A College of Physical Activity and Sport Sciences faculty member and a CPASS alumna are members of an international team that received the highly competitive Prince Faisal Bin Fahad Global Award for Sports Research by the Saudi Arabian Ministry of Sport and Leader’s Development Institute.
Dana Voelker, CPASS associate professor of sport, exercise, and performance psychology and Amanda Visek, associate professor at The George Washington University (WVU PhD SEP 2007), aim to advance youth sports in Saudi Arabia. The group includes Lisa Delpy Neirotti, The George Washington University, and Mohummed Alkhraji, King Saud University.
“This award represents a meaningful opportunity for global collaboration that aims to benefit children by leveraging the sport experience as a vehicle toward their longer-term health,” Voelker said. “The findings of this research will be used to inform national physical activity strategies and action plans that accelerate the speed and scale of equitably engaging Saudi Arabian children in sport.”
Selected from more than four hundred proposals spanning sixty plus countries, the institute chose seventeen projects to receive grants to execute a year-long research project focused on sports in Saudi Arabia. Recipients were selected by an independent scientific committee appointed by the International Academy of Sport Science and Technology based in Lausanne, Switzerland.

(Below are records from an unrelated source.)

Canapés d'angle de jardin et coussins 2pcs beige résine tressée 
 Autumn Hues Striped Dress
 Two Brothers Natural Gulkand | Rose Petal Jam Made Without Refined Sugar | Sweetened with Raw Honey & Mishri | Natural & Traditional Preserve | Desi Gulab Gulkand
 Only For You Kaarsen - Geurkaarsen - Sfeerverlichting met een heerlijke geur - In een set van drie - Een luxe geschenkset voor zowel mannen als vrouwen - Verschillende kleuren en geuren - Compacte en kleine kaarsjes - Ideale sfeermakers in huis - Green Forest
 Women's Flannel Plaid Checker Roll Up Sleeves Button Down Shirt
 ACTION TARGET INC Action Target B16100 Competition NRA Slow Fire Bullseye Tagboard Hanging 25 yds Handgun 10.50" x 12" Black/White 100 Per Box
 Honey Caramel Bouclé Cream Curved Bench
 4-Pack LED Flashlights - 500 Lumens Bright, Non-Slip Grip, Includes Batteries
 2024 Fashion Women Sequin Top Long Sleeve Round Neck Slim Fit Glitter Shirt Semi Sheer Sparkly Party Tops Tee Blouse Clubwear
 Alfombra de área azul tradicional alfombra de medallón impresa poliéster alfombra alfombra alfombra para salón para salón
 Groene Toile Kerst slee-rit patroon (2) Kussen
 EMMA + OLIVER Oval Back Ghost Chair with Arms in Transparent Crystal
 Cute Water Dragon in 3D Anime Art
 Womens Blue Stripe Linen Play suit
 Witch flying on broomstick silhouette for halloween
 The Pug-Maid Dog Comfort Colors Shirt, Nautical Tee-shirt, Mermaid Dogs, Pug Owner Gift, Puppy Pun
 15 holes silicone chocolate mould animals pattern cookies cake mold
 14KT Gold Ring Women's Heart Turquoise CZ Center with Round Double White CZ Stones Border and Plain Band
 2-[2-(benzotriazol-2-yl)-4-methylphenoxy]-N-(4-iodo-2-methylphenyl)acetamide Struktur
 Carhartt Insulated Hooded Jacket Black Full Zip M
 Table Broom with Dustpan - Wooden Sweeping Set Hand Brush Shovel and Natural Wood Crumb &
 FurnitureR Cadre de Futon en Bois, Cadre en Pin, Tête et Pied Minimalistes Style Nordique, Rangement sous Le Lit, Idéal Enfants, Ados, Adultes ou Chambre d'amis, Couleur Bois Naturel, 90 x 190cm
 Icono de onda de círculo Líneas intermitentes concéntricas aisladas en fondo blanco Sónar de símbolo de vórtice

The award seeks to develop new foundational knowledge and expand upon existing information through ambitious research to promote a lasting impact on the sports dialogue in Saudi Arabia.
The sport scientist team will conduct two studies to identify the barriers and motivations of sport participation among Saudi Arabian youth, with a specific focus on understanding sex- and age-related effects across geographic regions of the Kingdom.
The Leaders Development Institute, an educational institution operating under the Saudi Arabian Ministry of Sport, announced the winners of the new edition of the Prince Faisal bin Fahad Award for Sports Research. The award is an international research grant program initially launched in 1983 by the late Prince Faisal bin Fahad Al Saud, President of the General Presidency of Youth Welfare (later the Ministry of Sport) and Chairman of the Saudi Arabian Olympic Committee.
The award is part of the Quality of Life Program under the larger mandate of Vision 2030 and aims to advance comprehensive academic knowledge in sports in Saudi Arabia. The winning projects are led by project teams representing forty-nine institutions and nineteen countries and include partnerships across academic, government and private institutions.